Il Cav. Mammarella ha diffuso una nota di ringraziamento per il titolo ricevuto in un contesto di grande commozione: “Desidero esprimere sincera gratitudine a tutti coloro che, ieri sera, in vario modo, hanno ritenuto di essermi vicino. L’importante onorificenza pontificia che mi è stata consegnata da S. E. Rev.ma Mons. Gianfranco De Luca, Vescovo di Termoli-Larino, per conto di Sua Santità Papa Francesco, è davvero una cosa straordinaria.
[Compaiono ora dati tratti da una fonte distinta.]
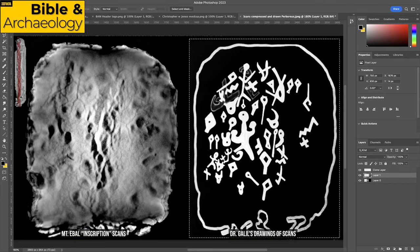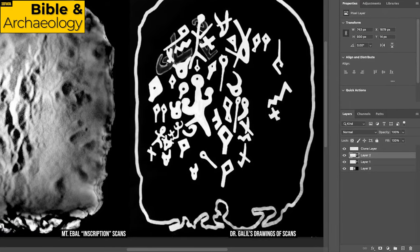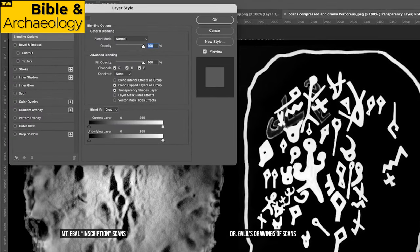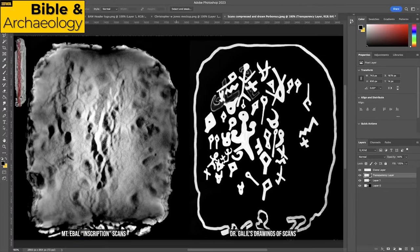I'm going to copy Dr. Galil's drawing layer with Ctrl+C, then paste it with Ctrl+V, creating a second identical layer. We'll call this the transparency layer. On top of Dr. Galil's drawing is an identical layer — a carbon copy, paste, identical — except we're going to double-click this transparency layer and set the opacity to 50. Now the transparency layer is a clone of what Dr. Galil drew as his representation.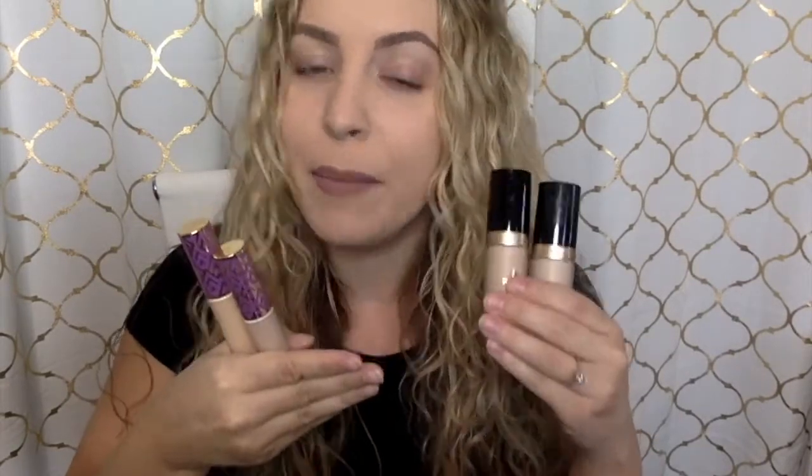Hi guys, welcome back to my channel. So today I have a quick little video for you. As you can see, I have on some makeup, but nothing that I couldn't do without doing my concealer first, because today I'm doing a comparison video between Shape Tape Concealer from Tarte and the new Born This Way Multi-Use Sculpting Concealer from Too Faced. Tarte Shape Tape has been my absolute favorite and a lot of people's holy grail since it launched. However, this has been taking social media by storm and sounds like it's a competitor.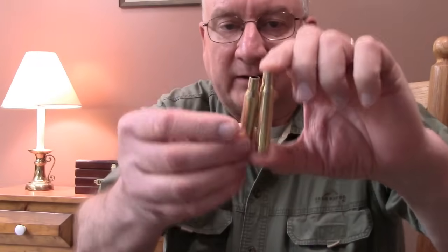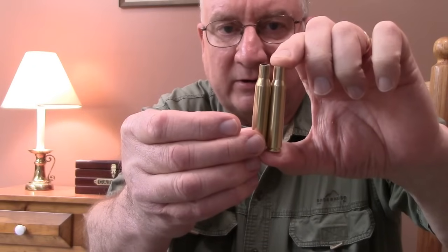The .270 Winchester was introduced in 1925 by the Winchester Company. Up until that time, there were no cartridges like it. In order to achieve the kind of velocity that it gave — over 3,100 feet per second — you had to go to a 150-grain bullet out of a .300 H&H Magnum, which was a very expensive gun with a very long action. But Winchester simply took the .30-06 case and modified it by necking it down and lengthening it slightly by about a tenth of an inch to avoid chambering issues, and came up with a genius of a cartridge that has never really been superseded in terms of performance.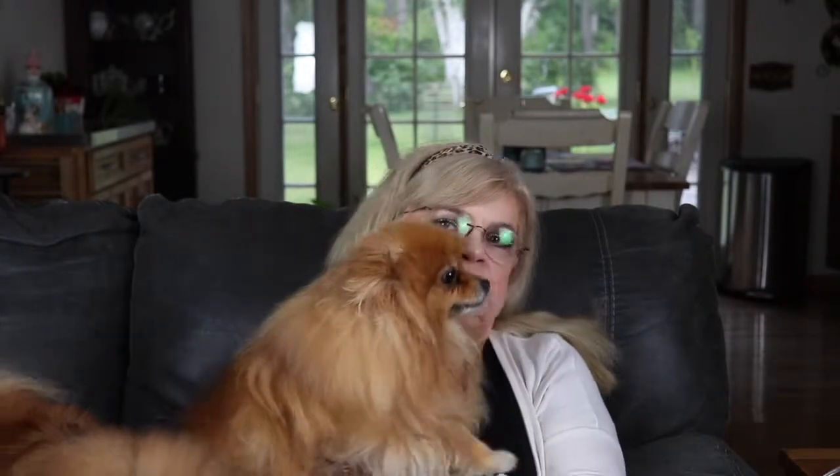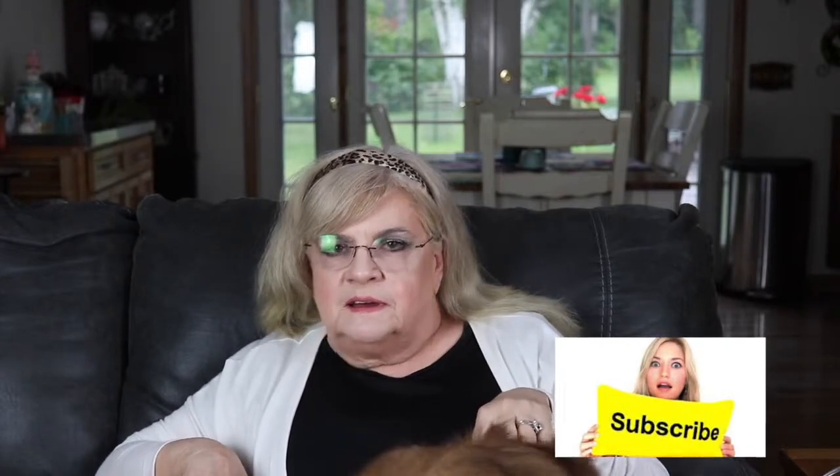Hi everyone! This is Rosie. I decided to film out in the living room tonight — a little more comfortable — and my doggies are all excited about it. Here's Rosie, and here's Hazel May, who's of course jealous and has to come up. Anyway, I'm going to do an unboxing. I got my Allure box today — today is Saturday, June 15th — and I haven't opened it yet. I'm kind of anxious to see what's in it.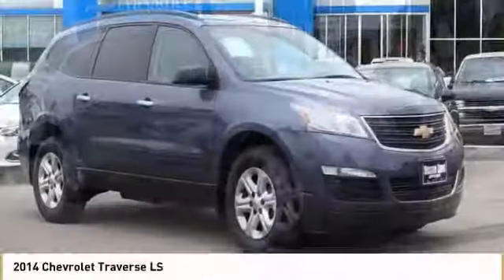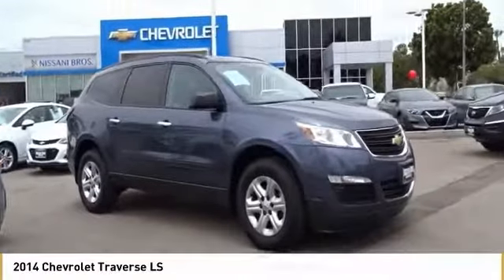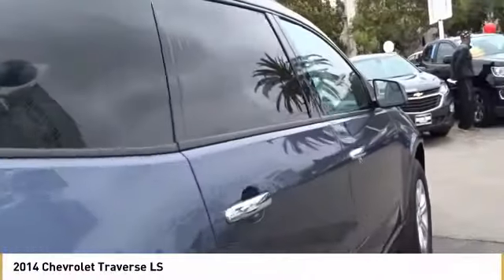Looking for the right vehicle? Check out the 2014 Traverse. The Chevy Traverse is more stylish than minivans and far more fuel and space efficient than truck-based SUVs. Crossovers like the Traverse are excellent family vehicles.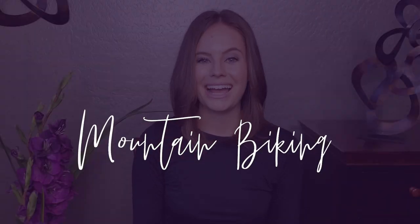Number five: mountain biking. I'm not much of a mountain biker, but we saw lots of people mountain biking when we were there, and it looks like there are trails for all different skill levels.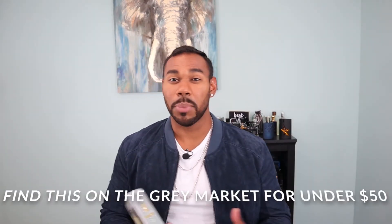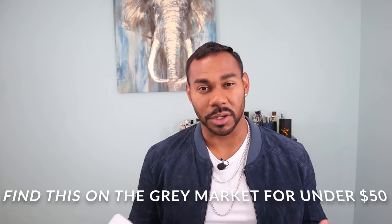Let's get into what we're going to talk about today. Today we're going to be reviewing Paco Rabanne One Million Lucky from the House of Paco Rabanne — this is a 2018 release. In the opening we got plum, grapefruit, and ozonic notes.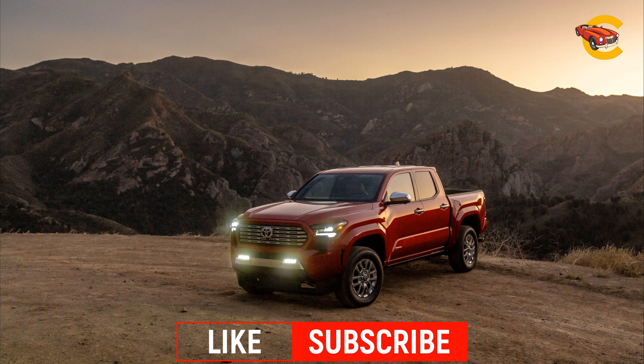Most models come with a 7.0-inch digital gauge cluster, while TRD off-road variants offer a larger 12.3-inch all-digital unit. Higher trim levels include a standard head-up display, heated and cooled front seats, and improved seating position and headroom.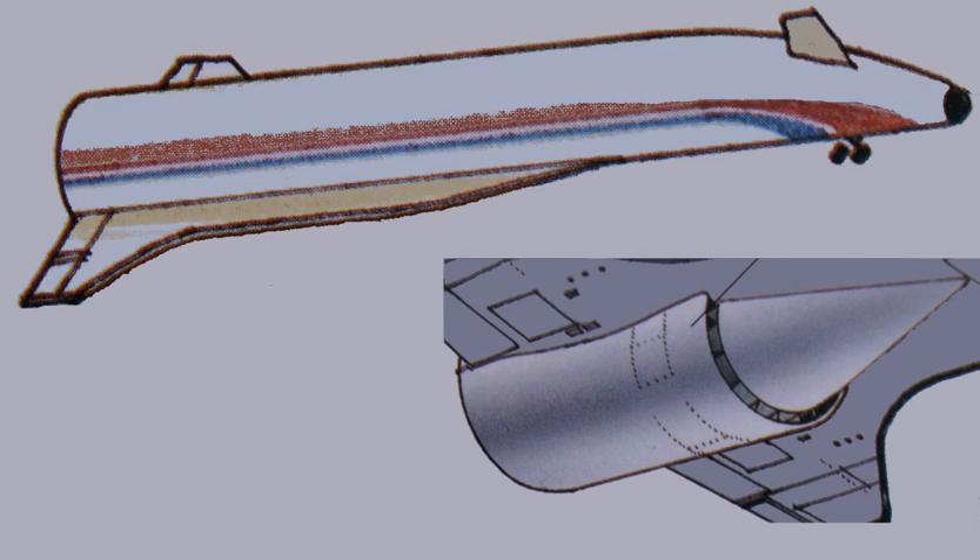Rolls-Royce's head of future business, Peter Conchi, stated that, if possible, HOTOL should become a part of the European space framework. In early 1986, the British government formally approved the two-year study.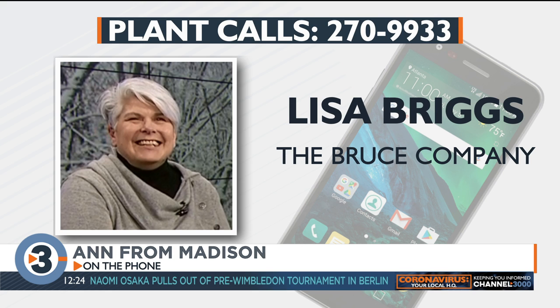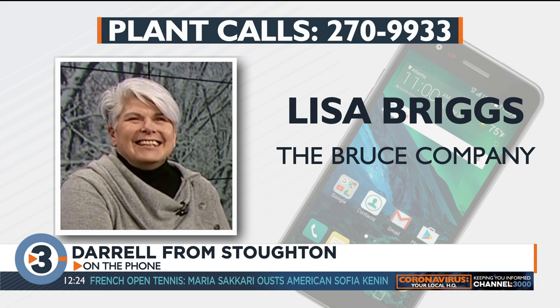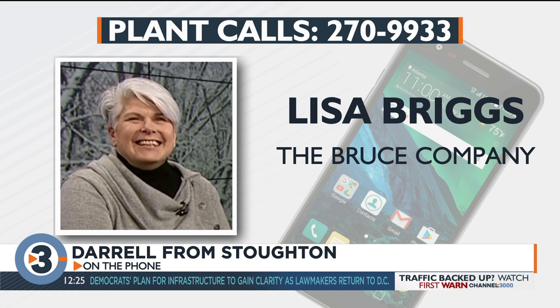Let's go to Daryl in Stoughton. Hi Daryl, what's your question? Lisa, I've got cucumber and tomato plants, and a couple weeks ago when it got cold, I covered them so it wouldn't frost. But I think some acid rain or something has gotten on the leaves of my tomatoes and cucumbers, and I'm wondering if I should cut the leaves off the cucumber plants.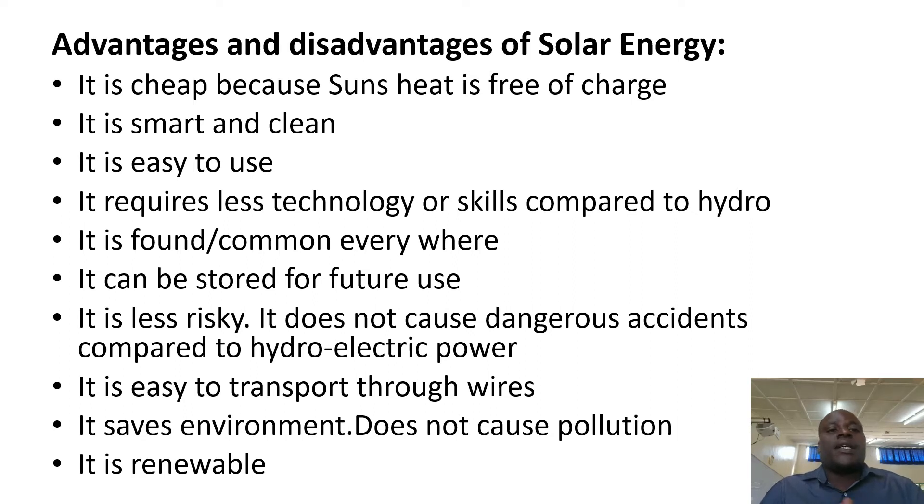We are going to look at advantages and disadvantages of using solar energy — the good things and the bad things of using solar energy.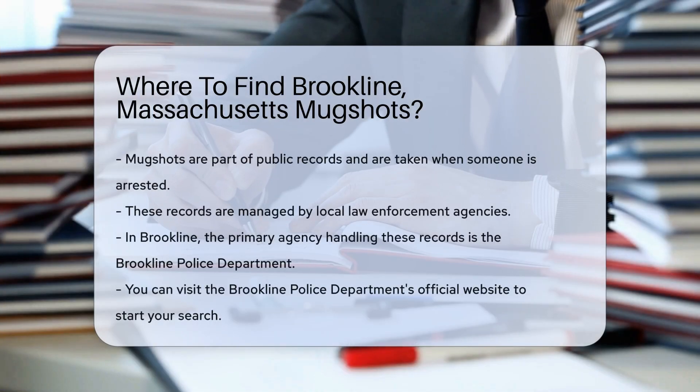If you're looking for Brookline, Massachusetts mugshots, first understand that mugshots are part of public records. They are typically taken when someone is arrested. These records are managed by local law enforcement agencies.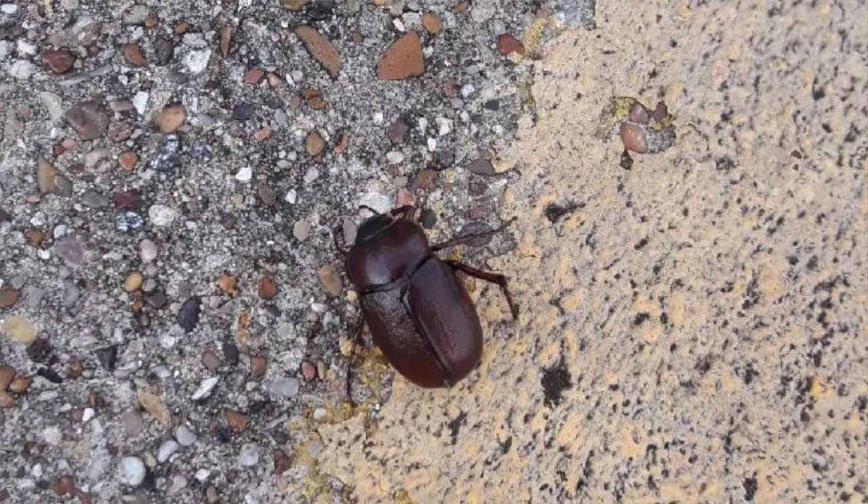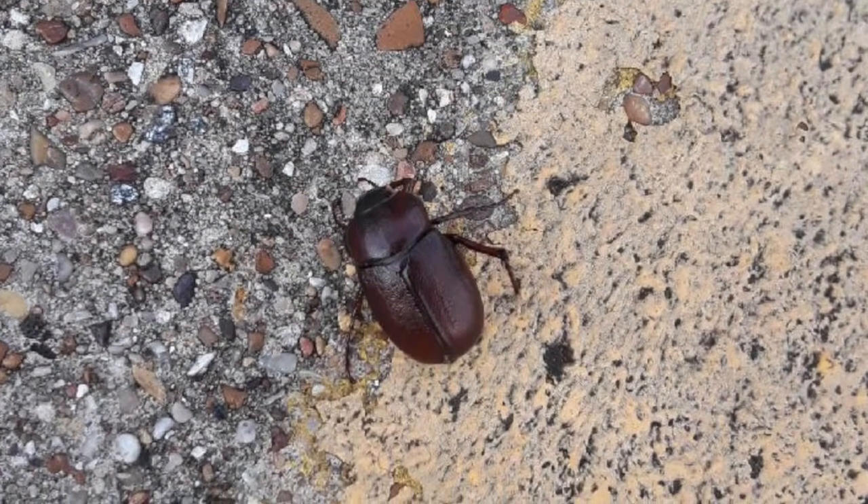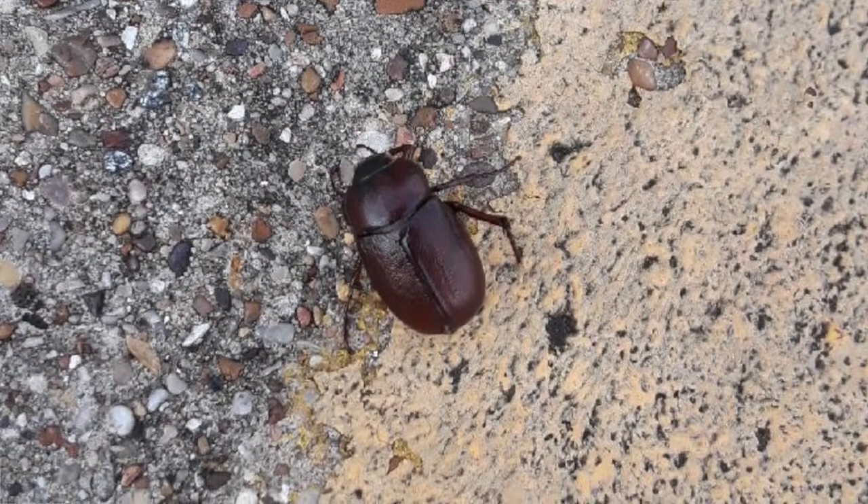A lot of people don't pay any attention to them because they're here every year. Every year they come out in the summer and they fly around, they kind of pester a little bit, and then they go away.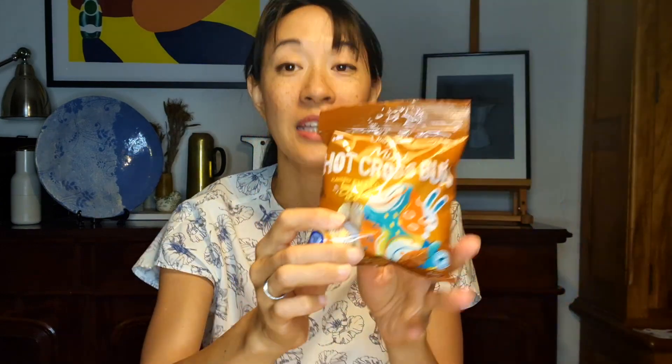So I'm going to start with these ones. I found them in Aldi, and just to continue with my love of hot cross buns, these are mini hot cross bun filled Easter eggs. I'm going to open these up and have a taste. They're lovely wrapped in gold and white striped foil.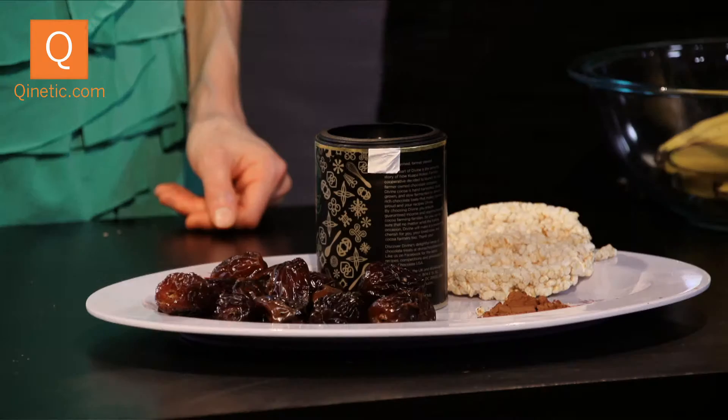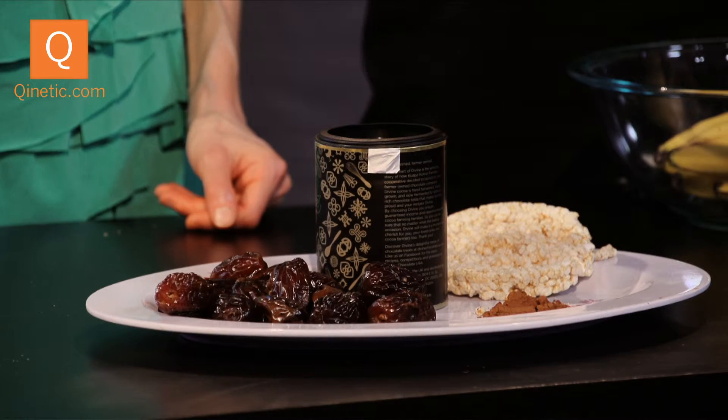People always ask us how to use raw cacao powder — you use it just like you do cocoa powder. It's just as bitter, so you can make your hot cocoa that way. You could actually sprinkle it on some bananas or put it in some yogurt, like you would with anything else.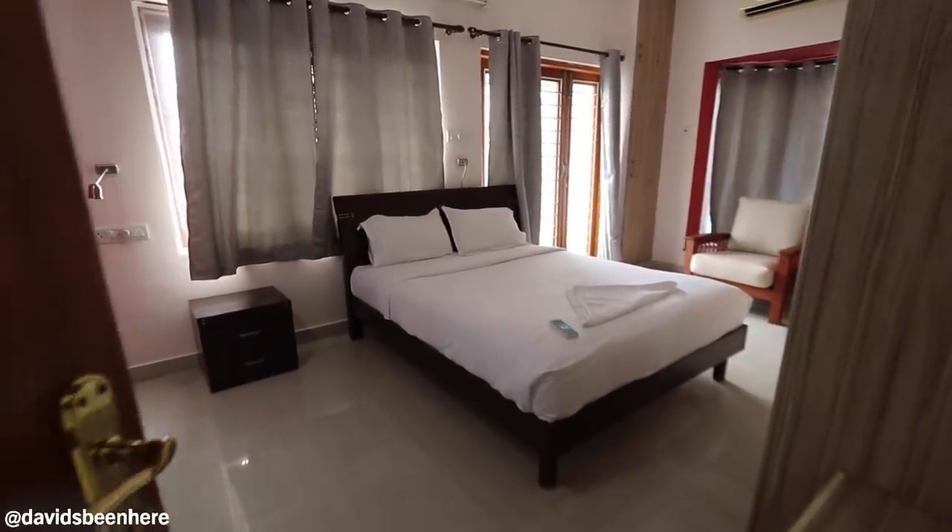And here we have the master bedroom. Nice and cold in here. Another air conditioning. Huge bed.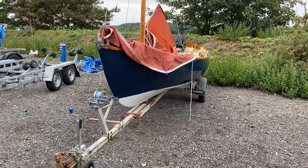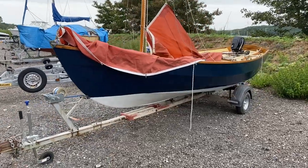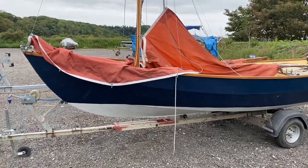Welcome to Boatshed.com and to the listing of this delightful Drascombe Lugger. These are very, very popular sailing boats and this one definitely is worth checking out.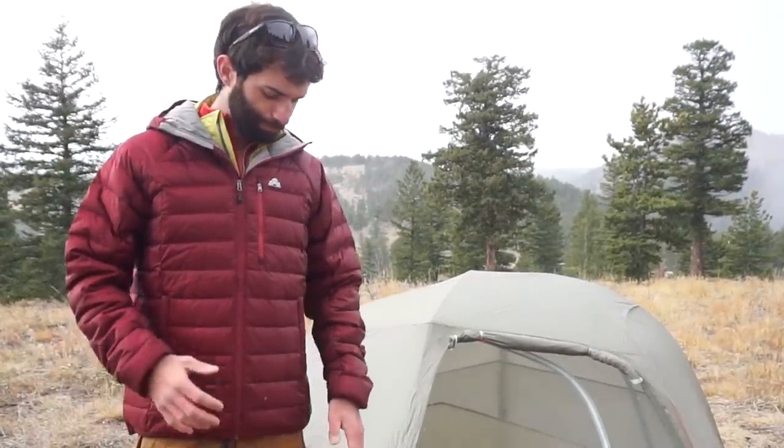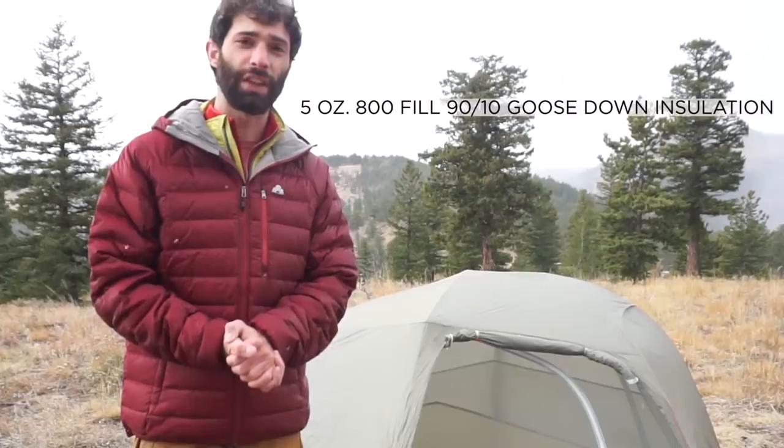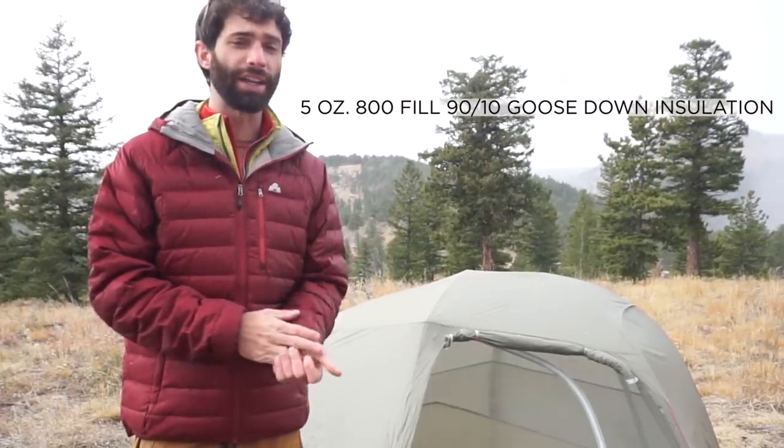The Feather Pack has been around for a few years now — it's one of our favorite pieces. It's seen a little bit of an update and has a new baffle design, which helps keep the insulation in real close to your body. That's also thanks to the 800-fill down insulation on the inside — real high quality down.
Il mio primo doveroso pensiero è per i miei genitori che, dall’alto, guidano i miei passi, al Santo Padre ed all’artefice di questa inaspettata “operazione”, S. E. il Vescovo Mons. Gianfranco De Luca. E’ un dono eccezionale che dedico alla cara memoria dei miei genitori ed a quanti apprezzano la mia modesta attività. Spero di continuarla fino a quando il Signore vorrà, e per questo mi affido all’intercessione dell’Assunta, prima titolare della nostra stupenda basilica concattedrale, ai Patroni San Pardo e i Santi Martiri Larinesi, a cui aggiungo il Pontefice San Gregorio Magno, titolare del “mio” Ordine pontificio”.